İki saat oturduk Konyaaltılılar halinden memnun.
Gecenin bir yarısı evinde dört duvardan sıkılan kendini meydana atmış.
Çocuklar, seyyar satıcılar, bisiklete binenler, aşıklar, dedeler, neneler…
Slip donuyla gelen kürt’ü de var, sıkmabaş gelen Konyalısı da.
Güneşin battığından habersiz gözlükleriyle oturan çaçaro lazıda var.
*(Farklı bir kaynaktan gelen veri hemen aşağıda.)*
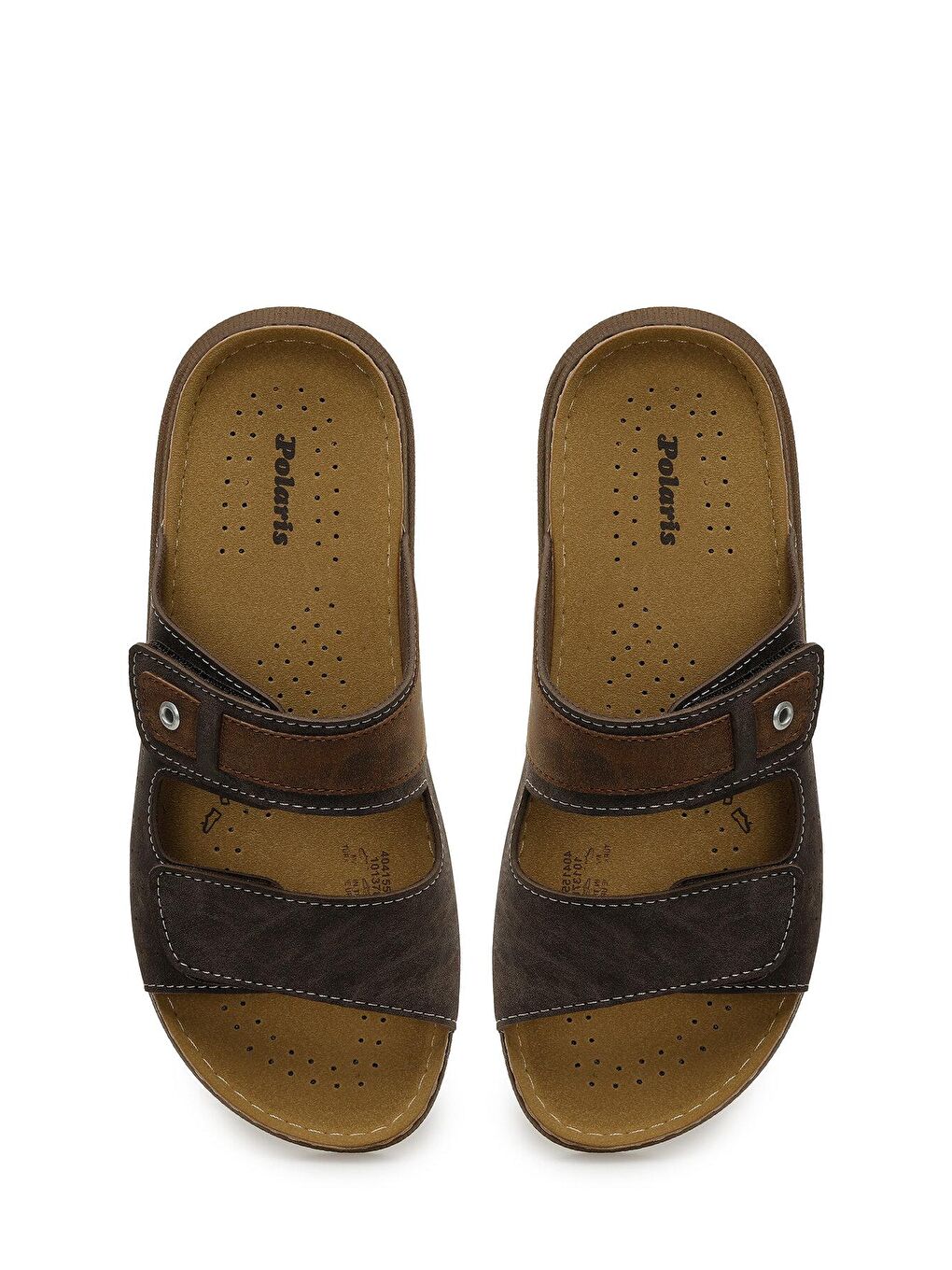 404155.M3FX Kahverengi Erkek Terlik-3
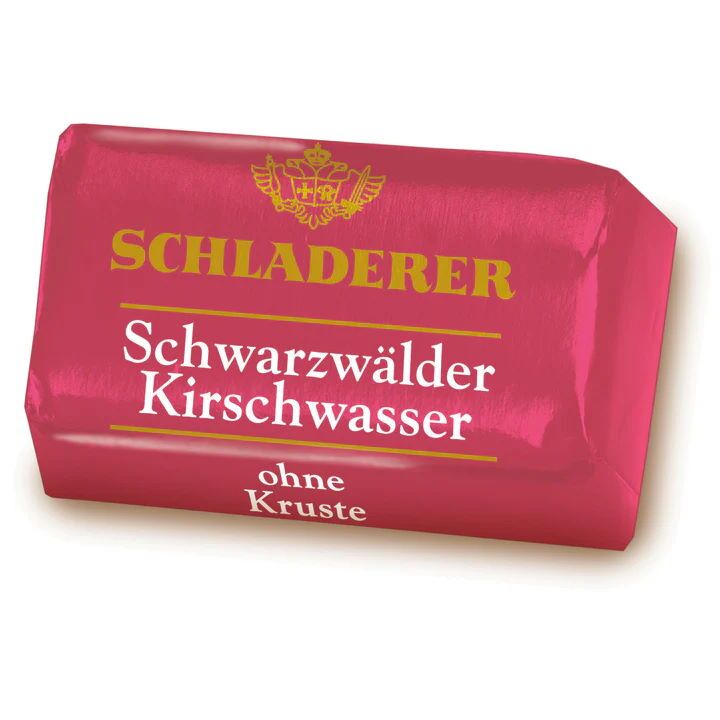 Schladerer Milk Chocolate Pralines with Kirschwasser Cherry Brandy
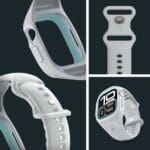 Spigen Liquid Air Pro Apple Watch 10 (46 mm) Grey
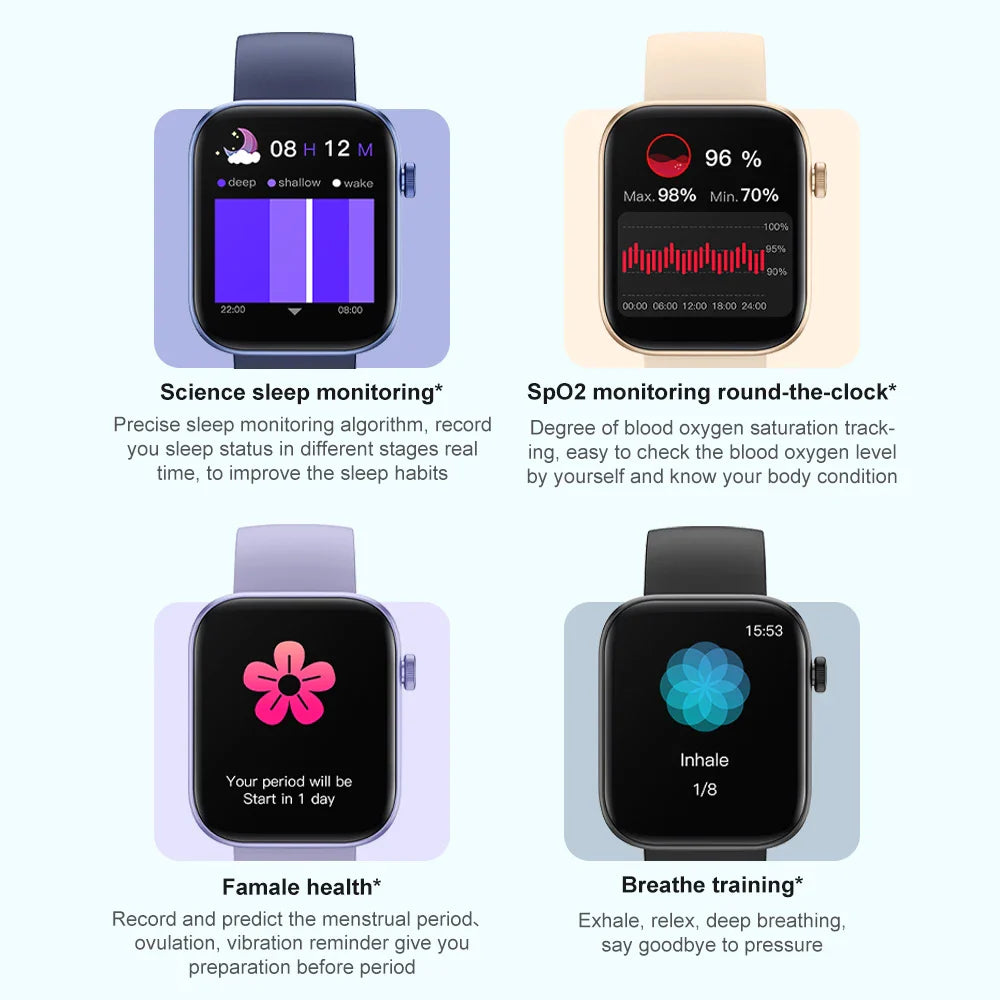 COLMI P71 Voice Calling Smartwatch 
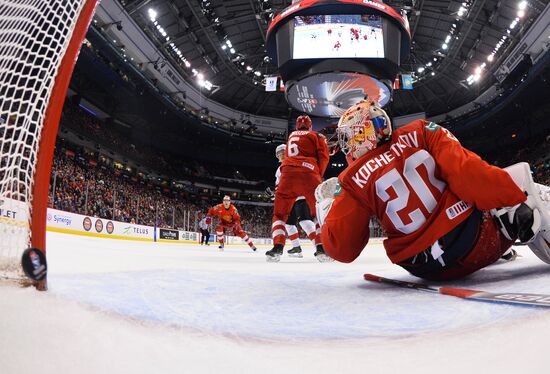 Хоккей. Молодежный чемпионат мира. Матч за третье место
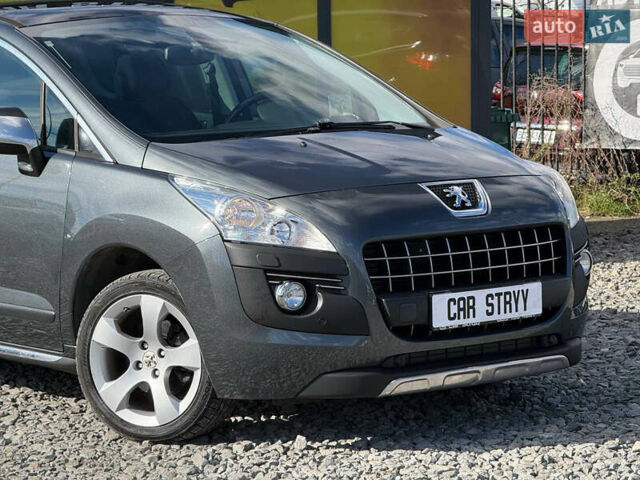 Серый Пежо 3008, объемом двигателя 1.6 л и пробегом 219 тыс. км за 9500 $, фото 6 на Automoto.ua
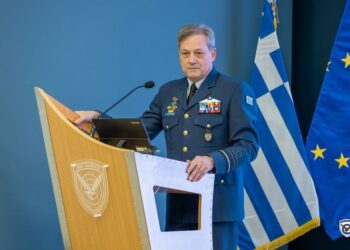 Ετήσια Ενημέρωση Επίτιμων Αρχηγών ΓΕΑ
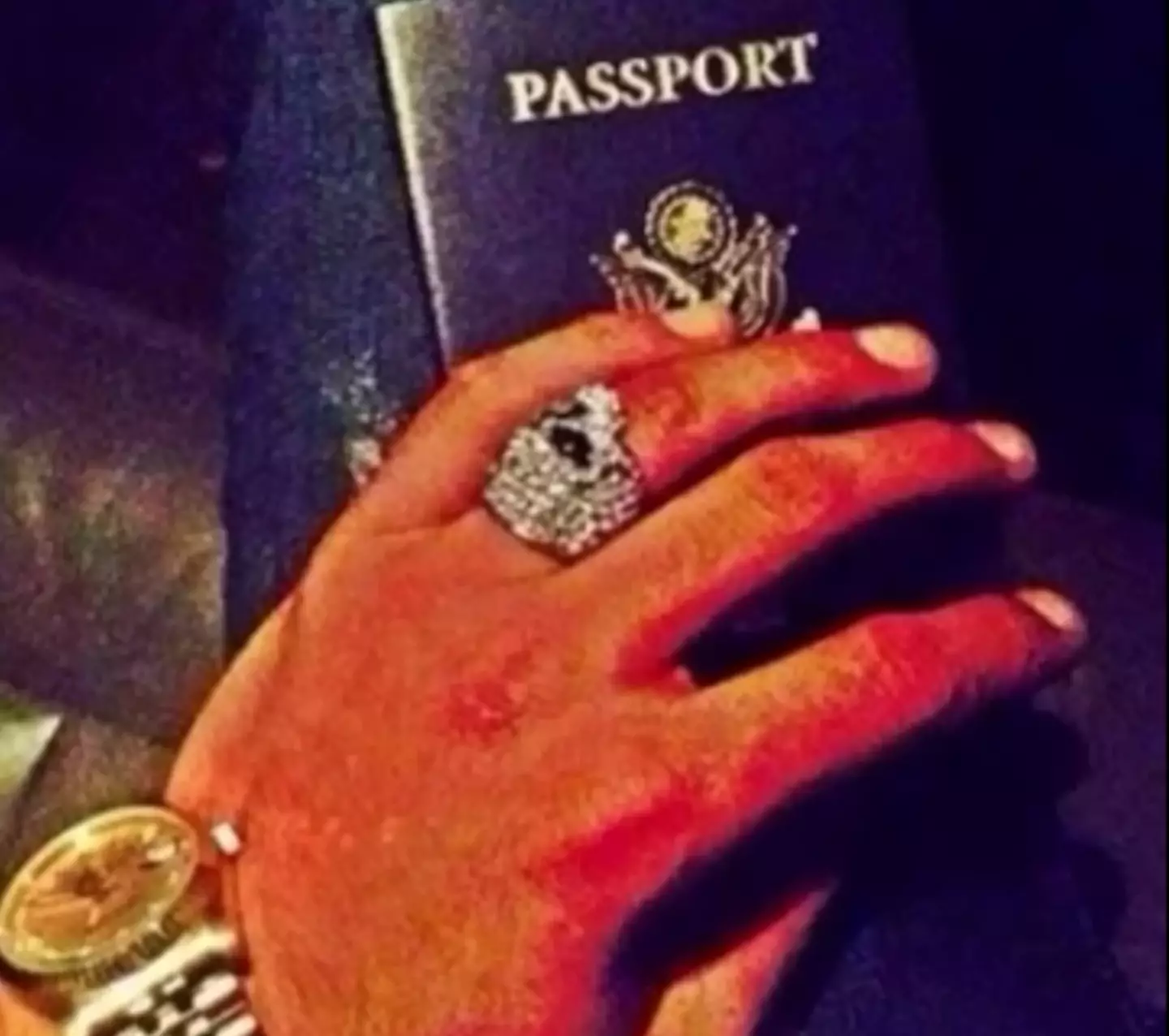 The cartel hitman posted his wealthy lifestyle on Instagram.
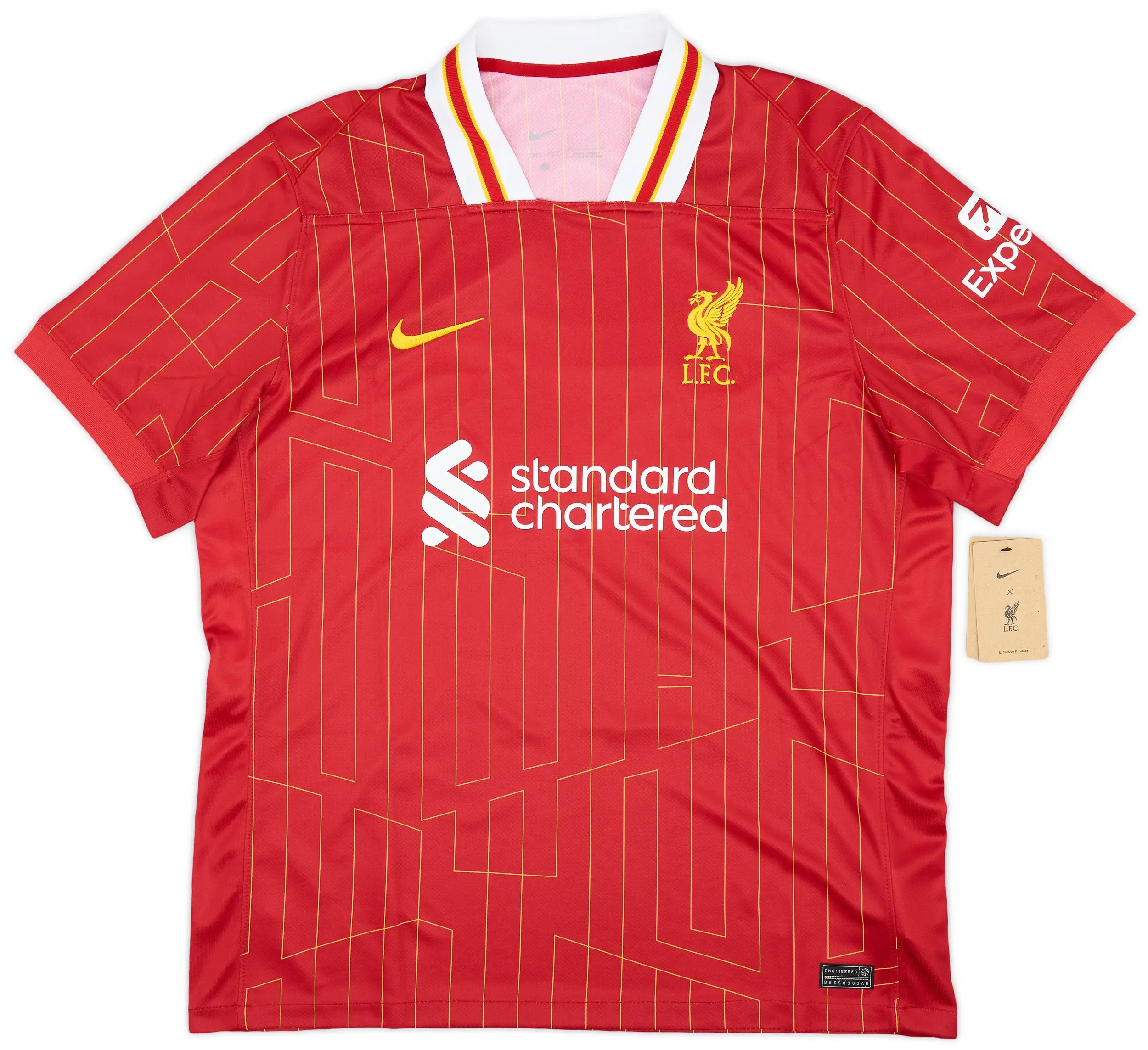 Liverpool FC 2024/25 (Home)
Roberts Cafe’de çekirdek çitleyeni de…
Belki biraz, ticari mekanların meydanın ortasına doğru yayılmalarına müdahale etmek gerek.
Kokoreççinin bağırsak satışlarının yanı sıra Nargilecilik yapmasına da.
Donkişot çalışıyor mu yoksa kapatıyor mu bilinmiyor.
Yanındaki bombalanmış gibi duran bina perili köşk gibi neden duruyor.
Ya yıkın ya yapın…
Denize nazır betonlar dökülmüş üstüne muhtemelen bankacıları oturtacaklar(!) demirlerin ucu ortada.
Yapmayın!
Yani, denizin manzarasını kesmeyin, rüzgarını engellemeyin…
Bir de geyik var. Boynuzları kırık geyik…
Nerden indi geldi bilinmez ama ya tamir edin ya da yakında o kırık boynuzlarda millet donunu kurutur.
Ve ne yazık ki Atatürk …!
Bu günlerde çok yalnız bıraktık.
En çok ihtiyacımız olduğu bu günlerde keşke daha yakınımızda bir yerde olsaydı.
Çok uzaklarda kaldı.
….
Her şeye rağmen Konyaaltı Kent meydanı hoşuma gitti.